Its okay, some one needs to say something since the mods are on strike.


----------



## Meliss (Sep 1, 2007)

Someone needs to say something. I am glad you did


----------



## Marysmuse (Apr 28, 2008)

Yeah... I often think we're a *little* too quick to throw out the "troll" card, but in this case....

Rejoicing in the day,
-Mary


----------



## Shadowboxer (Aug 6, 2008)

Seriously! Today has been crazy with all the goofy posts!! Not just mouser either! Ug. I hope Ratman and the mod's reach an agreement quick!!!


----------



## Amyshizzle (Sep 7, 2008)

I know I have noticed a bunch of weird posts too. Gosh this sucks!!


----------



## saosin (Jan 6, 2008)

I have six at the moment. That's my limit. Three boys and Three girls. All are very spoiled which reminds me I need to give them their treats soon lol. I love my rats. I don't know how someone could pick them up by their tail.


----------



## Amyshizzle (Sep 7, 2008)

I've seen people at petstores pick rats up by their tails...Its horrible...Some people are just stupid.


----------



## junior_j (Jan 24, 2008)

Same my first 2 girls were brought from a petstore , picked by their tails at the time i knew nothing about them , then went on to have 18 (14 rescued and screened for good homes) all had huge cages 
And this could be a troll .. we arnt stupid we love our rats and its never a competition
Jess x


----------



## Hatchet_Chick (Sep 4, 2008)

Okay I don't think you should be bragging about "Having the most" rats.

I think you should be bragging about how you care for them and how you love them.

I don't care if most people are quick to throw the troll card..

She's being a tad ignorant? My limit is at 6. I have 4 at the moment who all get proper care and treatment.


----------



## Amyshizzle (Sep 7, 2008)

I think this person is a Troll because they only have 11 posts and this thread is rediculous.

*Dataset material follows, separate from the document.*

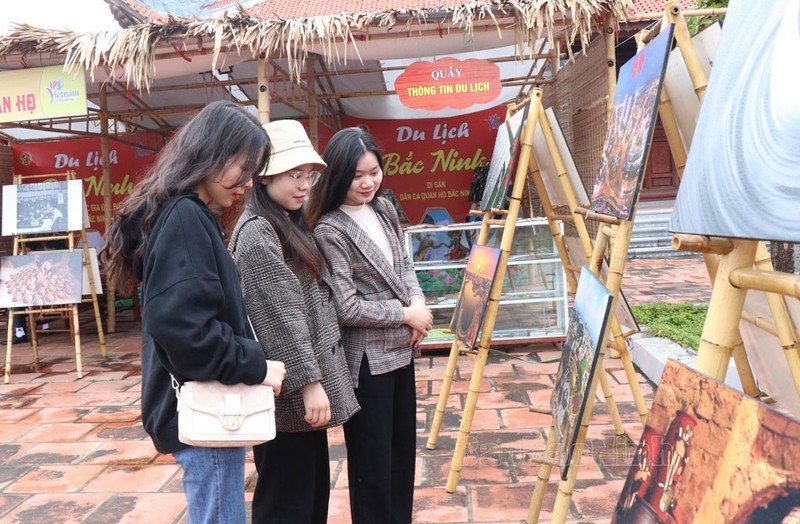 Visitors admire art photos depicting Bac Ninh's cultural heritage. (Photo: baobacninh.vn)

What is their picture of any way? It looks odd...


----------



## KayRatz (Apr 5, 2007)

Amyshizzle said:


> I've seen people at petstores pick rats up by their tails...Its horrible...Some people are just stupid.

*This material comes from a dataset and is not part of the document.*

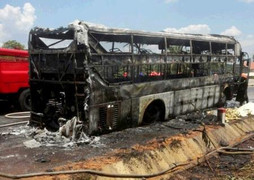 Xe khách cháy rụi, hàng chục khách thoát chết trong gang tấc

I was at petco... I was playing with the rats, I asked the guy not to pick them up by their tails. He laughed at me, and as I was going through the register with the dog toys I'd come for, he LECTURED me about how he's been around rats all their life and that's the only way to pick them up or they'll jump like the one I was trying to hold did. Um, maybe if you treated them NICELY they WOULDN'T! :evil:


----------



## lovinmyworm (Feb 18, 2008)

Why are you guys continuing to feed the trolls?? You and I both know when a post is for real and when it's out just to start trouble!


----------



## Marysmuse (Apr 28, 2008)

Ok, bunny trail, way off topic, but PLEASE please please, for my sanity's sake... RIDICULOUS. Not "rediculous". I see it every single day on here, and it's making me a little nuts.

Sorry. My inner editor got away from me there for a minute. :roll:

:lol:

Rejoicing in the day,
-Mary


----------



## Amyshizzle (Sep 7, 2008)

lol, its okay! Its good to know how to spell! haha


----------



## Sugar (Aug 15, 2008)

Wow I thouht I was the only one who has a lot of Ratties these days!
I have 59 as of today!!!


----------